> Then have we made a horrible, horrible mistake in the way
> we've defined SRW? It it basically don't work with existing
> toolkits, do we need to throw it all up in the air and make
> 2.0 that uses rpc/encoded?
<sigh> How did I know you would say that...
There is an industry accepted profile - WS-I (see http://www.ws-i.org).
All the major WebService players are adopting this profile, all the
major toolkit manufacturers are adopting this profile. *This* is the
profile to adopt if you are doing WebServices. SRW 1.1 is WS-I
compliant.
The reason WS-I specifed doc/lit rather than rpc/encoded was because of
interoperability issues - getting two toolkits to work together using
rpc/encoded was a real headache.
Some of the older toolkits (and toolkits which haven't been maintained)
will have trouble with doc/lit - but all of the major toolkits now (or
shortly will) support WS-I thus improving interoperability.
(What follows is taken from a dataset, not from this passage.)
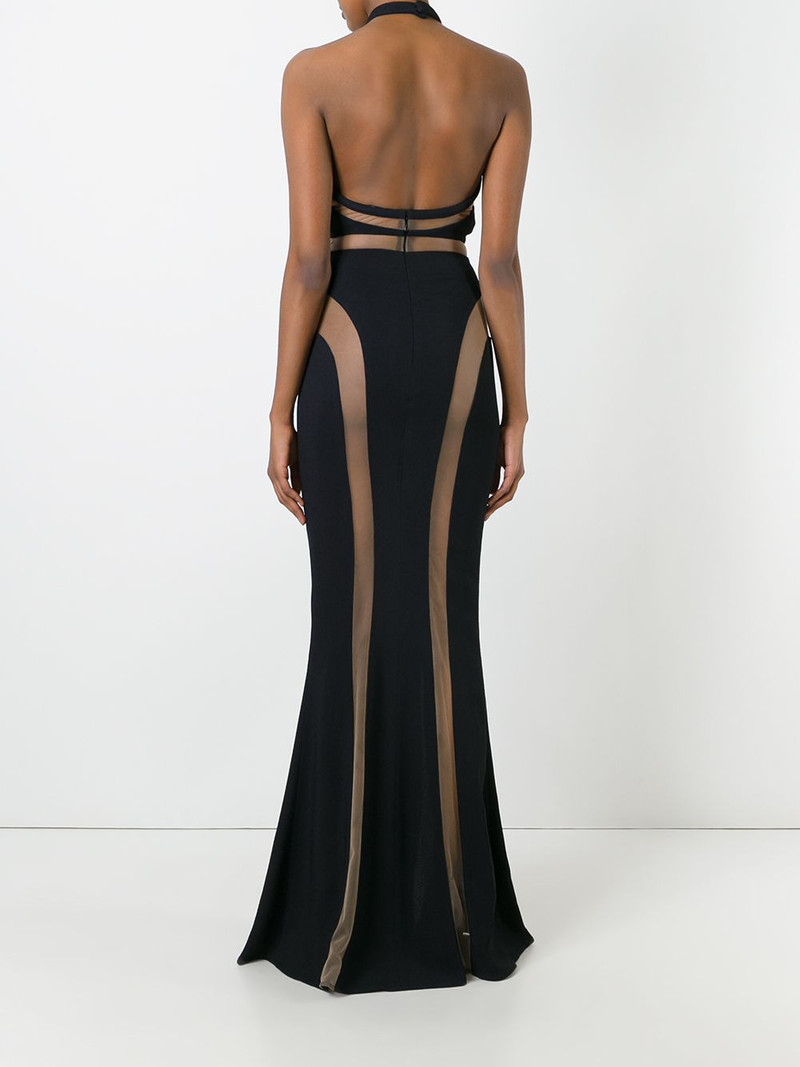sheer panel evening gown 4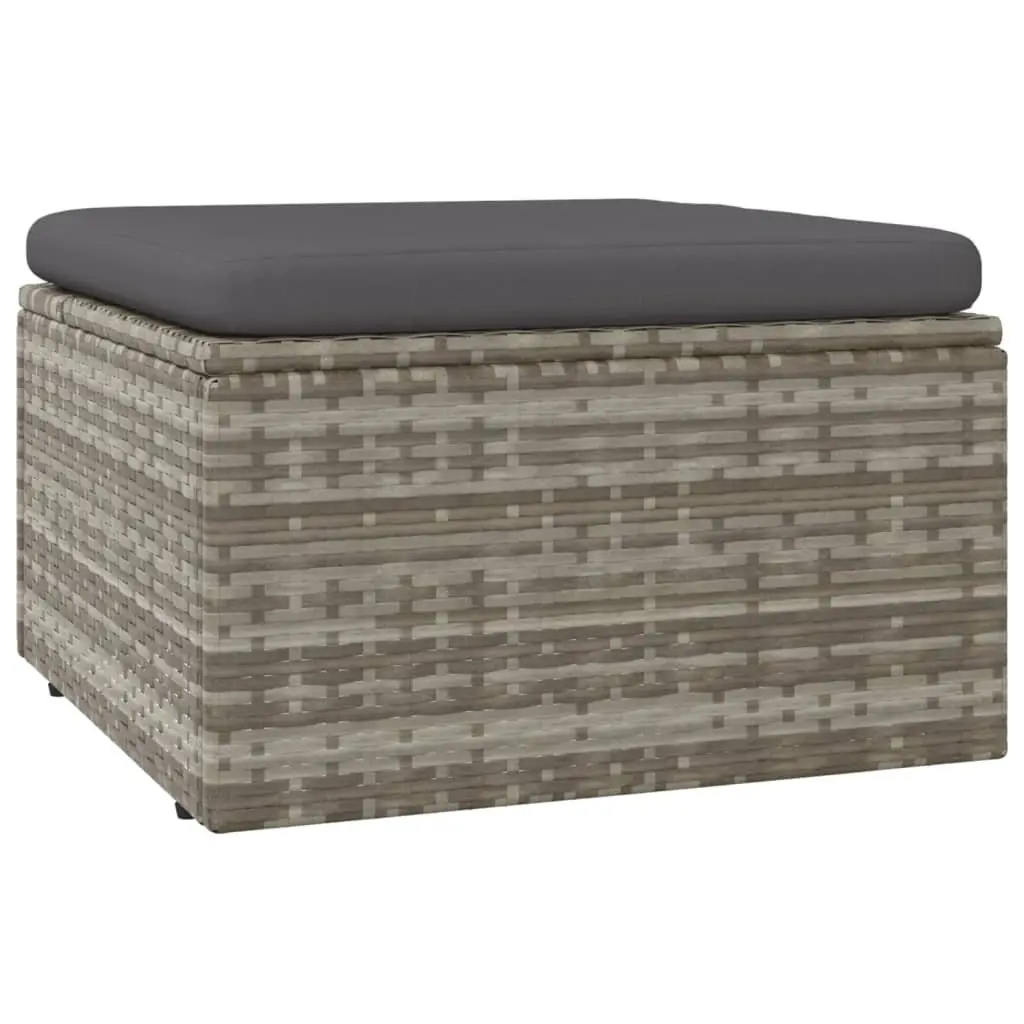 Garden Lounge Set 6 Piece Outdoor Furniture Grey Poly Rattan with Cushions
However, why not take a few steps backwards and use RPC/Encoded to
support the out of date toolkits - that way we can ensure
interoperability problems with newer toolkits, ensure complete lack of
adoption by the wider WebService community (since it wo'n't be WS-I
compliant), ensure that it can't be adopted up by UK government funded
projects (that includes JISC and academic funded projects) since they
are supposed to follow the e-GIF framework which states WS-I as a
requirement, and I suspect US government projects too.
> There doesn't seem to be much point in having superseded
> Z39.50 with a "friendly" web-service protocol if the barrier
> to implementation remains at the same height because none of
> the web-service toolkits can implement SRW.
Apart from .Net, Axis, hopefully Mono now I've fixed the bugs...
The problem toolkit appears to the the Perl one (and apparently the
version available about 12 months ago at that).